Trump says he will deport or jail up to three million immigrants

President-elect indicates illegal immigrants, including many Irish, will be rounded up

US president-elect Donald Trump says he will deport or imprison up to three million undocumented immigrants when he takes office next year.

Mr Trump said the authorities would round up undocumented immigrants with criminal records – a group he estimated at between two and three million people – but would later “make a determination” on those, including thousands of Irish, who were undocumented but had an otherwise clean record.

“What we are going to do is get the people that are criminal and have criminal records – gang members, drug dealers . . . we are getting them out of our country or we are going to incarcerate,” he said in an interview on CBS’s 60 Minutes yesterday.

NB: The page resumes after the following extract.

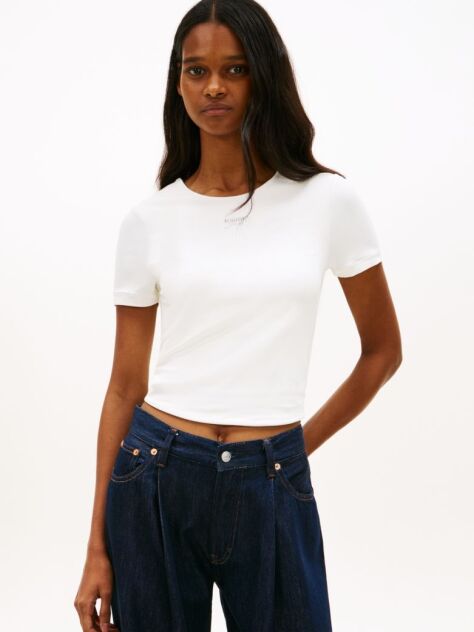 Άσπρο Αθλητικό Slim T-Shirt Με Λογότυπο  Γυναίκες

Only then, with the border secured and “everything normalised”, would he decide on a plan to deal with the “terrific people” who were in the US illegally but who had clean criminal histories.

READ MORE

In his campaign for the Republican nomination, Mr Trump pledged to deport all undocumented immigrants and said he would create a deportation force. In a separate interview yesterday, House speaker Paul Ryan distanced himself from that rhetoric.

“We are not planning on erecting a deportation force,” he said. “Donald Trump’s not planning on that.”

Figures from the department of homeland security and the Migration Policy Institute suggest there are 1.9 million "removable criminal aliens" in the US, a group that includes any non-citizens – legal residents and undocumented immigrants – with a criminal conviction. Of that number, about 820,000 are undocumented immigrants who have been convicted of a crime, the Washington Post reported.

In President Barack Obama’s first term, his administration deported a record 1.9 million people.

Fencing

Asked if some stretches of his border wall with Mexico would consist of fencing, as suggested by congressional Republicans, Mr Trump said: "For certain areas I would consider it], but certain areas, a wall is more appropriate. I'm very good at this. It's called construction."

Mr Trump's comments came as demonstrators took to the streets for a fifth day in protest against the incoming president. Crowds marched through New York, Los Angeles, Seattle and other cities, decrying Mr Trump's anti-immigrant and anti-Muslim rhetoric as well as the allegations that the property magnate sexually abused women.

Meanwhile, Mr Trump last night chose Republican National Committee chairman Reince Priebus, the favourite of the party's establishment, to serve as White House chief of staff.

Steve Bannon, Mr Trump's campaign chief, was named as his chief strategist.